IIn 1944, groundbreaking political economist Karl Polanyi published his radical masterpiece, A major transformationIn it, he accused influential liberal economists, including David Ricardo and Thomas Malthus, of commodifying humans and the environment in the name of free markets.

Their industrial-era ideas, he argued, led to the barbarism and poverty that accompanied 19th-century globalization and unrestrained capitalism, which in turn led to a far-right and far-left backlash in the 20th century against subsequent socialist, individualist and liberal movements.

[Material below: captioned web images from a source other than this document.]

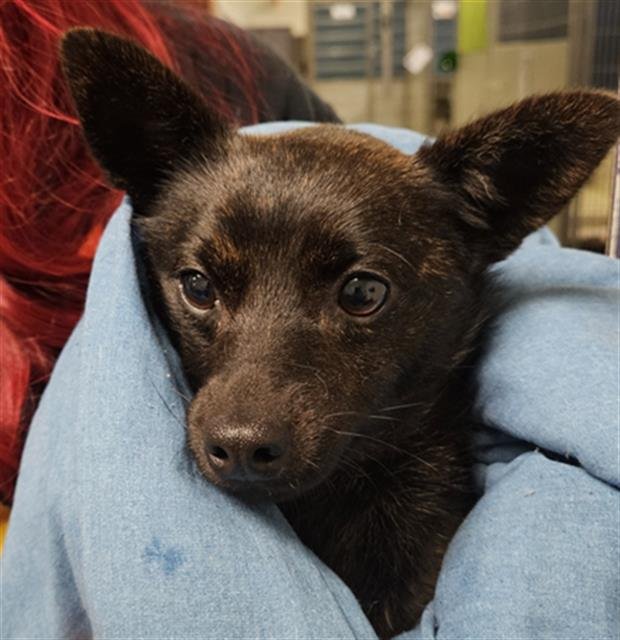 *BONNIE - Chihuahua available for adoption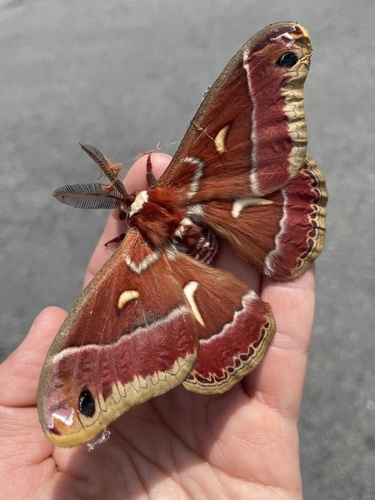 Ceanothus Silk Moth photo 3
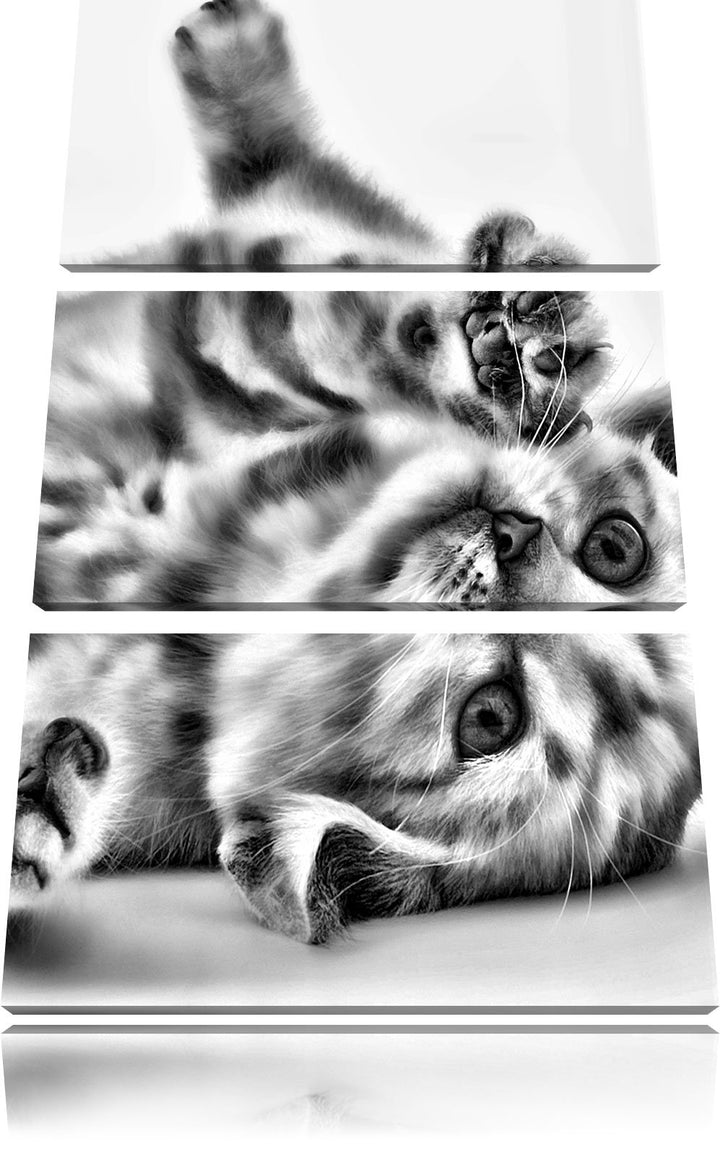 Pixxprint Kleine Katze als Leinwandbild/Grösse: 3 Teilig (120x80) / Wandbild/Kunstdruck/fertig bespa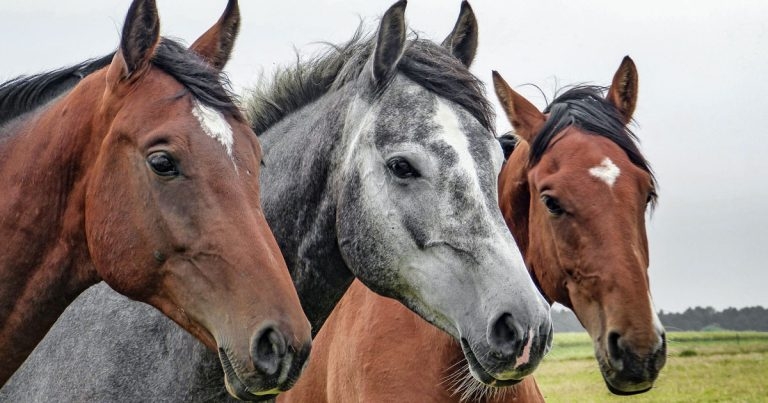 Management of equine pain in the field: part 1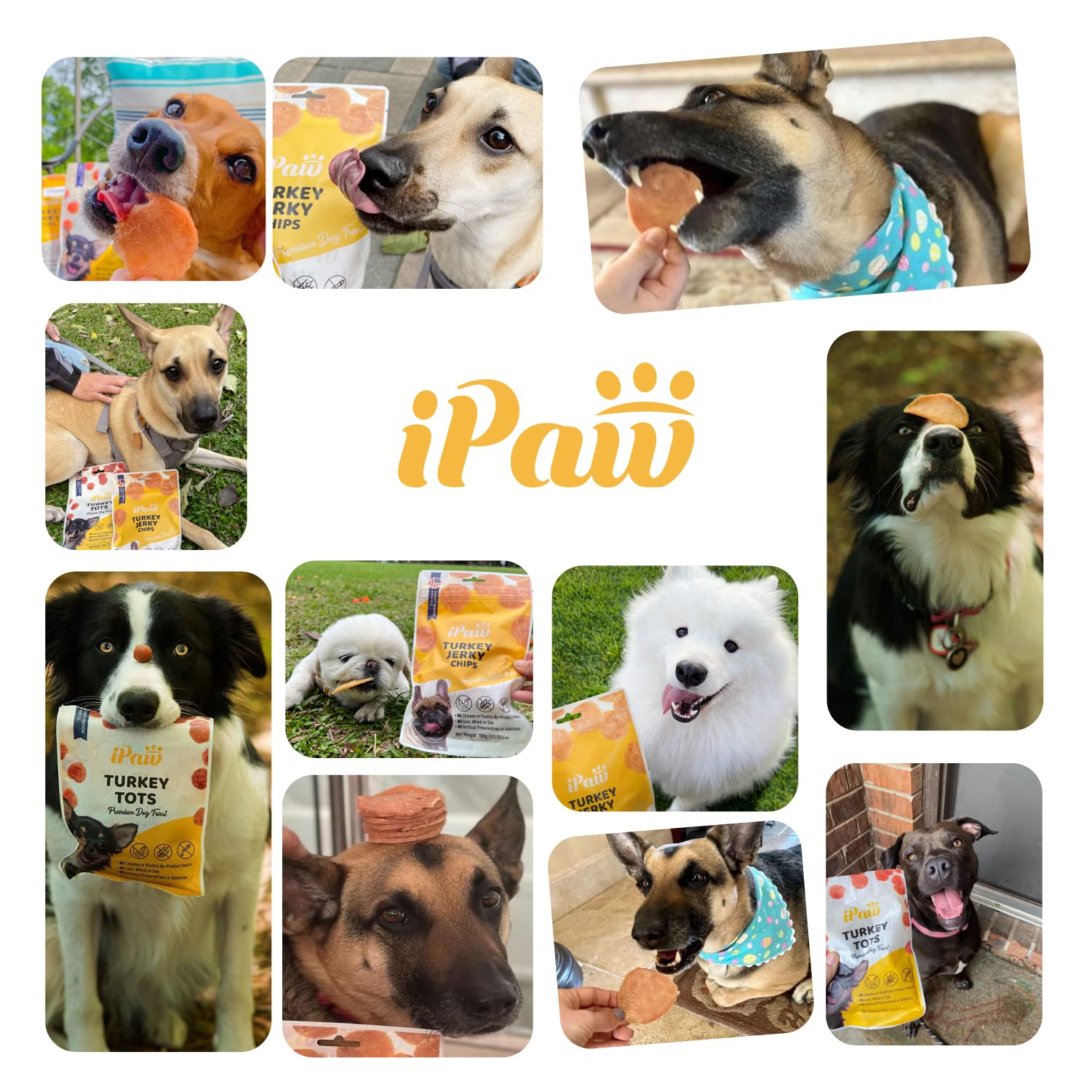 iPaw Turkey Tots: arôme séduisant et récompense pratique au quotidien.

today, A major transformation Polanyi has been hailed as a masterpiece and its prescience celebrated by everyone from former World Bank chief economist and Nobel laureate Joseph Stiglitz to Finance Minister Rachel Reeves to French “rock star” economist Thomas Piketty. But because Polanyi was a Hungarian-Austrian Jewish expatriate, and because of the popularity of Keynesian economics in the post-war period, the prophetic insights of his book were rejected and ignored by mainstream British academics and economists for decades. Now, for the first time since the Second World War, A major transformation It has finally been published by a British publisher, and a new edition was released by Penguin Classics last week.

“Polanyi is the most important thinker you’ve never heard of,” said Hannah Teraie Wood, editor of Penguin magazine. “He was one of the pioneers of heterodox economists and one of the first, perhaps the founders, of environmental economists. He was always around, but just never saw the light of day.”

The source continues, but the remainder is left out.